- EXERCISE REQUIREMENTS:
Your answer should be the lines below from the one holding "2730 4th Street Pl NW, Hickory, NC 28601" through the one holding "Umbro Men's Mexico Soccer Shirt Large", copied exactly and with nothing else.
*** Opening LISTED ENTRIES ***
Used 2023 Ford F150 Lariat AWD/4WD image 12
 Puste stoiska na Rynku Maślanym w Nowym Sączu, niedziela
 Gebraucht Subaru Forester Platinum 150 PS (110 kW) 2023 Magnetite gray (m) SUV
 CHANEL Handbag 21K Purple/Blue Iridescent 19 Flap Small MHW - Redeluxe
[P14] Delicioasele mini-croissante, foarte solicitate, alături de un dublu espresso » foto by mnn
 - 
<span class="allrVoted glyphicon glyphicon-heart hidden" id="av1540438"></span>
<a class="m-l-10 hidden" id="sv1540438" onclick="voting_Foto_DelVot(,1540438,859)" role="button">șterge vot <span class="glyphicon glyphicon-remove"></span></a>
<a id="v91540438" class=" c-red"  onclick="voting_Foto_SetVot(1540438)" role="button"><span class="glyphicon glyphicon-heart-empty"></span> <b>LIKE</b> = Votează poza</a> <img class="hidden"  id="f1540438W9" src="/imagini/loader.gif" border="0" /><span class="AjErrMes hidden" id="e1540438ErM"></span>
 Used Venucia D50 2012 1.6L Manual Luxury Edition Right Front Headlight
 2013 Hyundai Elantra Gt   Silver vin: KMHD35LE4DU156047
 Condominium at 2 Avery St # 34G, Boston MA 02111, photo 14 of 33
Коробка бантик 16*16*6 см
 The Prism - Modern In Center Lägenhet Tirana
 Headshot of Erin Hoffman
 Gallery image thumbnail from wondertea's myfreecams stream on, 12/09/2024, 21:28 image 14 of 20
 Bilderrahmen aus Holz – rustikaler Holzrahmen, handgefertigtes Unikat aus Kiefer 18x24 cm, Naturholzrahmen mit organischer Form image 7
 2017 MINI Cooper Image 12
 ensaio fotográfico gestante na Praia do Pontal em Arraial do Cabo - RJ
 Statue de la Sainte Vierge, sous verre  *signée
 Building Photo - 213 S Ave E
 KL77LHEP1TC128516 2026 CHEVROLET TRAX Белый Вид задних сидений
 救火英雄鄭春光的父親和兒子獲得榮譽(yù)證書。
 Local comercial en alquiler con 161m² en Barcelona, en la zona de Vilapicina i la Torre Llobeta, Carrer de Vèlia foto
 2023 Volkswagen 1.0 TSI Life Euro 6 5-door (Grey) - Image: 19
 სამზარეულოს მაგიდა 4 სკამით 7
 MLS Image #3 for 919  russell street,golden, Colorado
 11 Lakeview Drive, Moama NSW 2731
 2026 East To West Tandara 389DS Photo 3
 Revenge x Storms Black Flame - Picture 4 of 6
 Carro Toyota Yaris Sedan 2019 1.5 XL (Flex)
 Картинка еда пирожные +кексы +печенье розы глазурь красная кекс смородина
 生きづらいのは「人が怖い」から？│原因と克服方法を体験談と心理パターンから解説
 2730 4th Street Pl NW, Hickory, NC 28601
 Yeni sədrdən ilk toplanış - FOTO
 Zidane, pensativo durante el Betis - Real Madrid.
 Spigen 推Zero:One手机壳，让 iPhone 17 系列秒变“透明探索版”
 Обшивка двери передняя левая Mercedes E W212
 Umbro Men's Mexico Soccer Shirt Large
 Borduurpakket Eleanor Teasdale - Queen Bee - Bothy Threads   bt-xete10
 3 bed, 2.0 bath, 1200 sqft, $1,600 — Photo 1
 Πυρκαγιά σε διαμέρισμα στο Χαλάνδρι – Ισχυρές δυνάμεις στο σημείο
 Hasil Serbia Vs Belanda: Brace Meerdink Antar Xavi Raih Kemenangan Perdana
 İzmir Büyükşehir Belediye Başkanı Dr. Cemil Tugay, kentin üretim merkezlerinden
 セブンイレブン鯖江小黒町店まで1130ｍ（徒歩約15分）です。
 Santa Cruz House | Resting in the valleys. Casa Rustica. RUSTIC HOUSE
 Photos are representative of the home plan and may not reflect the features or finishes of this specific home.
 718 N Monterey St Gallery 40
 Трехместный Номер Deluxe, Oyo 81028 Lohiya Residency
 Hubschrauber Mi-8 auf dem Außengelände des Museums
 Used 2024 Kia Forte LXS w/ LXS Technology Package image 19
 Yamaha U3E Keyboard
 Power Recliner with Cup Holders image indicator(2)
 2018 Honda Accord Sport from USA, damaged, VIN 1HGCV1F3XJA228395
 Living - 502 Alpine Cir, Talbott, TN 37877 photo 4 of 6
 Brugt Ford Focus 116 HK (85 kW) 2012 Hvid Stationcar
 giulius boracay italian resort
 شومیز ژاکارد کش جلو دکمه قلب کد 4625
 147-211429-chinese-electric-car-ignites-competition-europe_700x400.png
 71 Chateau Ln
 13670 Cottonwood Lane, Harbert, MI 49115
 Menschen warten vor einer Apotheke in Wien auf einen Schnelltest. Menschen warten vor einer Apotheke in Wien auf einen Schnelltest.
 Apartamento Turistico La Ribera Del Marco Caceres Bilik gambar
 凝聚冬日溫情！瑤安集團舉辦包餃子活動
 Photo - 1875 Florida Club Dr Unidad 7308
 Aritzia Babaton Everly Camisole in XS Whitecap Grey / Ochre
*** Closing LISTED ENTRIES ***
- EXERCISE OUTPUT:
 2730 4th Street Pl NW, Hickory, NC 28601
 Yeni sədrdən ilk toplanış - FOTO
 Zidane, pensativo durante el Betis - Real Madrid.
 Spigen 推Zero:One手机壳，让 iPhone 17 系列秒变“透明探索版”
 Обшивка двери передняя левая Mercedes E W212
 Umbro Men's Mexico Soccer Shirt Large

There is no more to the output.